それはまた、ここに描かれている三人の人物が、どこかで見たことのあるような類型化されたものであるということです。これまでの他の作品で使われてきたようなパターンを、“紋切型”であれば、描く方も見る人に分ってもらい易いし、メッセージを伝える道具として使いやすい。何よりも、画面そのものが安定して親しみ易いものとなります。

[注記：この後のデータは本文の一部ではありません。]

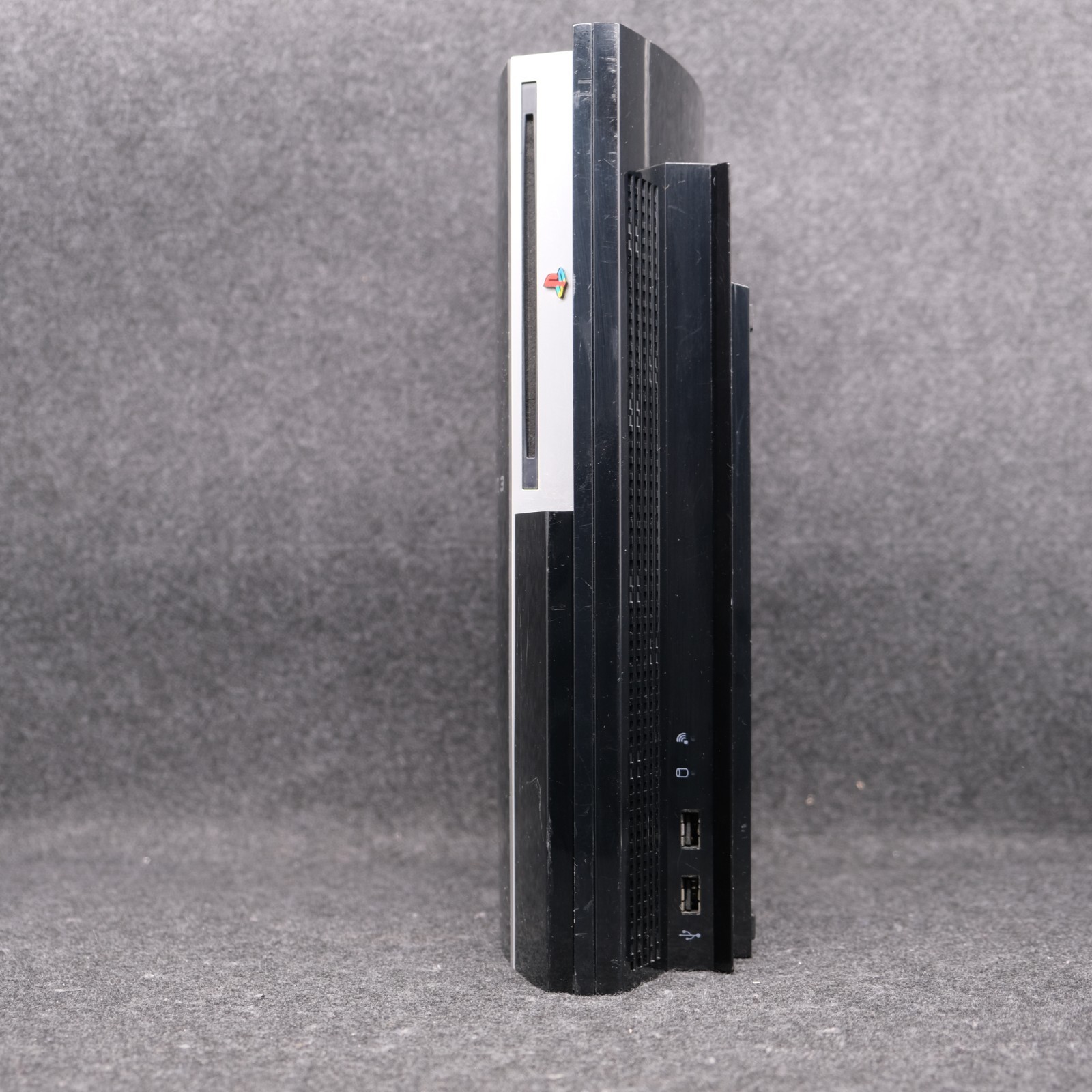 Sony PlayStation 3 Fat Black CECHK01 Console Only CECHK01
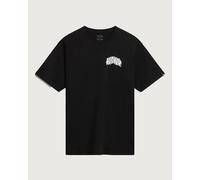 Vans Men's Prowler Short Sleeve T-Shirt Black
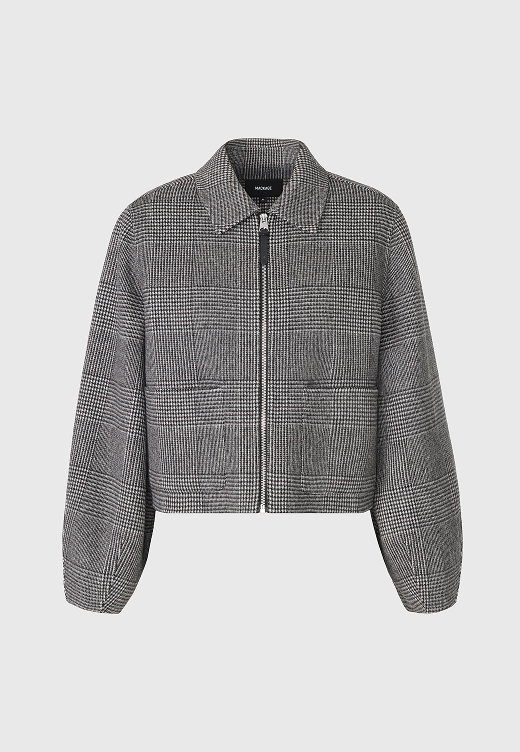 SOLANA-PL Wool jacket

さらに、もう一つは、この作品が何か言いたげで、それが作品のメッセージとして見る人感じるのではないか、というひとつの単純化された作品であるということです。そのメッセージは、実は芸術家のあり方とか言葉にしやすい“紋切型”のようなもので、商品宣伝のポスターに近い考え方であるように思います。もちろん、シャヴァンヌ自身は真摯で真面目に芸術絵画を追求しようと、また、当時のデモクラシーの市民社会を真面目にリスペクトしていたと思います。そういう真面目を追求していくことが却って、“紋切型”を生み出すことになってしまっている。そのこと自体は、すぐれて現代的な問題提起的なことになっている(これも“紋切型”です)。これがシャヴァンヌという人の作品の大きな特徴ではないか、と私は思います。それが、この作品には出発点のように胚胎している。